§ **Description of the task**: Keep only the lines of the listing that include the word "White", and copy them.

START Stored data

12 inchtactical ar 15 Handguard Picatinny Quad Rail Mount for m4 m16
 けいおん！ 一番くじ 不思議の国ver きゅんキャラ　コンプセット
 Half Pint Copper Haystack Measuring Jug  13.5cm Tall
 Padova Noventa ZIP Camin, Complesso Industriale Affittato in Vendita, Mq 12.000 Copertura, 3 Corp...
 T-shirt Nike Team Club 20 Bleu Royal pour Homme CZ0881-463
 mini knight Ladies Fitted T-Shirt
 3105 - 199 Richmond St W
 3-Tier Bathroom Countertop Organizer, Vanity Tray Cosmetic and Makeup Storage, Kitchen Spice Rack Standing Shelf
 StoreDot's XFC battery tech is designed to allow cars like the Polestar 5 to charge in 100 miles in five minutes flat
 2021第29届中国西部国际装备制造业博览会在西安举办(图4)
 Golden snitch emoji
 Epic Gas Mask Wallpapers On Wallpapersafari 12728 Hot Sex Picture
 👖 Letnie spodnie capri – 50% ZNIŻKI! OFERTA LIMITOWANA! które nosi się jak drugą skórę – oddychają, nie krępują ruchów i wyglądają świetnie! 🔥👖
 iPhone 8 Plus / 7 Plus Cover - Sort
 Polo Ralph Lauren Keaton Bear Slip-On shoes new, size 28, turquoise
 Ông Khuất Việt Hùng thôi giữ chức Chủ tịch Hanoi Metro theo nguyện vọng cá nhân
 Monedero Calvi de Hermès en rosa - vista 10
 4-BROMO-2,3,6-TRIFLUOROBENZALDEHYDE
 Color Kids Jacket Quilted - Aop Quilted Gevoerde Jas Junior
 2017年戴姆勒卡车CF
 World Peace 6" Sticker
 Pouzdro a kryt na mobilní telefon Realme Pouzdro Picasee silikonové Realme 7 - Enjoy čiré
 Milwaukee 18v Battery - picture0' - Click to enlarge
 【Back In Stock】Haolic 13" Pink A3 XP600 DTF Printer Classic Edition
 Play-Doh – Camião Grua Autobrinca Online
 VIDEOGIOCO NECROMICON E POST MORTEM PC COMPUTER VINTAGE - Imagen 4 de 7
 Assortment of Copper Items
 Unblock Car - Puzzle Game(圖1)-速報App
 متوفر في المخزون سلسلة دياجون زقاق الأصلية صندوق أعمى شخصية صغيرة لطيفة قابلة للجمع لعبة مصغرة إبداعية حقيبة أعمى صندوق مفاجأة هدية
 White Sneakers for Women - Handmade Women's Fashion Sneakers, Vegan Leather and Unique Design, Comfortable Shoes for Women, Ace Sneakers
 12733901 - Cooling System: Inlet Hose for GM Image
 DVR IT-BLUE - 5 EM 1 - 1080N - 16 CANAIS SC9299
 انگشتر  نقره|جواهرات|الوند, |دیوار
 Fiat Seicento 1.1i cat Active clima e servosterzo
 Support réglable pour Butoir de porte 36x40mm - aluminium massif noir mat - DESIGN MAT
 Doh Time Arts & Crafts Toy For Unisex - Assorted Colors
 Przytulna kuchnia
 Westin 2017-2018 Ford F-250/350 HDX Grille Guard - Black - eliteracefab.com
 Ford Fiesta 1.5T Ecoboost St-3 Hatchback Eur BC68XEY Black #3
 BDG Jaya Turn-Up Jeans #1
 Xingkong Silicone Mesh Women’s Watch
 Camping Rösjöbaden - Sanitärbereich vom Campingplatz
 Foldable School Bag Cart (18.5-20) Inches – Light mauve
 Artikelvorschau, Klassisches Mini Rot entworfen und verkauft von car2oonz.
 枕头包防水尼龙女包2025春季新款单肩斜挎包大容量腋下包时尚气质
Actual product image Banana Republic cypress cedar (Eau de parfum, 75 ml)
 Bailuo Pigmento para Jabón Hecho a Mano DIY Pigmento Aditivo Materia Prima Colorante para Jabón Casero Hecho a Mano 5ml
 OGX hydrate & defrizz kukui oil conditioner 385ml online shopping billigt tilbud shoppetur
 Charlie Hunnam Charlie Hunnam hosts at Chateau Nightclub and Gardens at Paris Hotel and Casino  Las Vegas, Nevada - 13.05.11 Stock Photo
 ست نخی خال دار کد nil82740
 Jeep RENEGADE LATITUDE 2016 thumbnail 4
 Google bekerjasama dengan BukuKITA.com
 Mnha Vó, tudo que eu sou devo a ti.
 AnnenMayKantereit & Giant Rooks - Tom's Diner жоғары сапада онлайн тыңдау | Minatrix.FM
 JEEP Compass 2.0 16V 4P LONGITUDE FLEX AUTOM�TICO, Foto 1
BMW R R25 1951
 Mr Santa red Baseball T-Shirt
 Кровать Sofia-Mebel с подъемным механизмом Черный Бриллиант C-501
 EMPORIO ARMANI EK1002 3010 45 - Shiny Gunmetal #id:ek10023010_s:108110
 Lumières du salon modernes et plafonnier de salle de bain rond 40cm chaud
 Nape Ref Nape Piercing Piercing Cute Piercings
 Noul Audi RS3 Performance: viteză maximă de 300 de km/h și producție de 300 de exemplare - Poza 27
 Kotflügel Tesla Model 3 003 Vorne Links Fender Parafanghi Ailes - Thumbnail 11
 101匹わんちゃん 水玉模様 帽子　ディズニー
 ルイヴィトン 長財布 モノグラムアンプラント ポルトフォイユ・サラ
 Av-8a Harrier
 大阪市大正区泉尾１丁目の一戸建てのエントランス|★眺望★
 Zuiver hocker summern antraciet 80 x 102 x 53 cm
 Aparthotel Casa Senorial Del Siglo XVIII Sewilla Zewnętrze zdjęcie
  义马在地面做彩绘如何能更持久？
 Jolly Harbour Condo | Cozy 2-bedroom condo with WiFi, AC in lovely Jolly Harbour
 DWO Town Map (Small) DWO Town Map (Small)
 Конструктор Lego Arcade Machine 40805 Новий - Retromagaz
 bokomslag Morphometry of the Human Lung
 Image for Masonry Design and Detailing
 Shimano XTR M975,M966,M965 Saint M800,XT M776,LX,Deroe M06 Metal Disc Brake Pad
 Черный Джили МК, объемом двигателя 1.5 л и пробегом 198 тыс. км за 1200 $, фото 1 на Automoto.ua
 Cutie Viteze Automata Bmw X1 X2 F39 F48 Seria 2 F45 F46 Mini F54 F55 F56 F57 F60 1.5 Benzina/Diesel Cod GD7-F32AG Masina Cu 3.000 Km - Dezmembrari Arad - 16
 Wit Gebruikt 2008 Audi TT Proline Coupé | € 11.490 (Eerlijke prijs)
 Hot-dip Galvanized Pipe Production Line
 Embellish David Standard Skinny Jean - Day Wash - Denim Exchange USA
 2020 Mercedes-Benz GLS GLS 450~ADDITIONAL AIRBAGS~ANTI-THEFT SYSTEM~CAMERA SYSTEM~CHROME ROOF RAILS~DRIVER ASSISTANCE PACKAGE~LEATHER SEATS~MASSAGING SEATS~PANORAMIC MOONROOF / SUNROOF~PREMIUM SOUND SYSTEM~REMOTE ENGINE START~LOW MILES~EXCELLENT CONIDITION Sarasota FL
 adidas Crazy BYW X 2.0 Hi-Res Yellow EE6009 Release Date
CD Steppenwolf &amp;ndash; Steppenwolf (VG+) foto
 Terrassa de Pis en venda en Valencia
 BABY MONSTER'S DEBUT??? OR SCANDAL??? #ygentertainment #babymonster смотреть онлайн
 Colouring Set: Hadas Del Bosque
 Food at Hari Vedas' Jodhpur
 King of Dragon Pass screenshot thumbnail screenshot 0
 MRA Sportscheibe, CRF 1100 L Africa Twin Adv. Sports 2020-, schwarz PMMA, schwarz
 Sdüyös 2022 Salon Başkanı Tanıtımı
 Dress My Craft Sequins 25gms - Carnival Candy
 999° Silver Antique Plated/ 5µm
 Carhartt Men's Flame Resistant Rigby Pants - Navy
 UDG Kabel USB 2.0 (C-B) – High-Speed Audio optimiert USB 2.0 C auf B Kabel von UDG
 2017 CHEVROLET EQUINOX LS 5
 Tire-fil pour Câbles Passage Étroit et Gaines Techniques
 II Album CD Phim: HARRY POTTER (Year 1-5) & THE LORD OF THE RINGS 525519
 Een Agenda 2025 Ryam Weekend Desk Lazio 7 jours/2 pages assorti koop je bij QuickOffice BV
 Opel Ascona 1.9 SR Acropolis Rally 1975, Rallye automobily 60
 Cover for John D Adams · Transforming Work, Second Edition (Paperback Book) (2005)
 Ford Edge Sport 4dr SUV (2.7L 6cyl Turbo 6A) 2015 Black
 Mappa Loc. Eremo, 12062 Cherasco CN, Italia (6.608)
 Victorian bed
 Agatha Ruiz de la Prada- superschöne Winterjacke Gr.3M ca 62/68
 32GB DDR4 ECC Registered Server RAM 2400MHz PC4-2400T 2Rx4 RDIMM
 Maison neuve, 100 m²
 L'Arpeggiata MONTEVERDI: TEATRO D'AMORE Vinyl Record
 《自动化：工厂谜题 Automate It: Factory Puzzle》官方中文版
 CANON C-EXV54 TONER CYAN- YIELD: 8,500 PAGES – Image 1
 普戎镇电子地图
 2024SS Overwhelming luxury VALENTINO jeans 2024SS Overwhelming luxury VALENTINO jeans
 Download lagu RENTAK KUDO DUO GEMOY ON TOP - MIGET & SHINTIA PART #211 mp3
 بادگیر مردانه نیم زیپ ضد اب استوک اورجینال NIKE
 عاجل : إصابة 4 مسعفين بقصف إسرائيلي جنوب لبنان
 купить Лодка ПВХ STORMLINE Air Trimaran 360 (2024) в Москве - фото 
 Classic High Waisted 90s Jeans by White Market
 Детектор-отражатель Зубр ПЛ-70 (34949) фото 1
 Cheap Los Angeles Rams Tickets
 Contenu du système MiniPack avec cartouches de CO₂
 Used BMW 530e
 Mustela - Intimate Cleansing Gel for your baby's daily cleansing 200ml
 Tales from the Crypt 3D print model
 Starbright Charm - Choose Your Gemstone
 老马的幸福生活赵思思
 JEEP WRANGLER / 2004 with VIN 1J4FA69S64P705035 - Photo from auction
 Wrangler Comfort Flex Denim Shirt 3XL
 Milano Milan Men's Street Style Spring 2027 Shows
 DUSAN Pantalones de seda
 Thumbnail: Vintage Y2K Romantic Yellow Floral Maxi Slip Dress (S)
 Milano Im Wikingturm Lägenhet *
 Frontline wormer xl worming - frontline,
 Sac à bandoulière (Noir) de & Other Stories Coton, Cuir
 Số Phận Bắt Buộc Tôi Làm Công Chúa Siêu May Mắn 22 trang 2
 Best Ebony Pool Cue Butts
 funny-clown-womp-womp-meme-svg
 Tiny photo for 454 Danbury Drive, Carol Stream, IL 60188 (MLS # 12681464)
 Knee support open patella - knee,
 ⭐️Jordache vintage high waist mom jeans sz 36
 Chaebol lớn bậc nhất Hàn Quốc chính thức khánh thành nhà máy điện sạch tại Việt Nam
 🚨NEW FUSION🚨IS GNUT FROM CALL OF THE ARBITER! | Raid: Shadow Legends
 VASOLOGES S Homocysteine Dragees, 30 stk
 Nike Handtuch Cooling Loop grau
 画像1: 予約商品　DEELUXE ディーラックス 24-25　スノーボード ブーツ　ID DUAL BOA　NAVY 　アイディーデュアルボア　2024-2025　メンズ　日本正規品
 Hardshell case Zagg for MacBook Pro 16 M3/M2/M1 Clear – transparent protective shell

END Stored data

§ **Exercise solution**:
 White Sneakers for Women - Handmade Women's Fashion Sneakers, Vegan Leather and Unique Design, Comfortable Shoes for Women, Ace Sneakers
 Classic High Waisted 90s Jeans by White Market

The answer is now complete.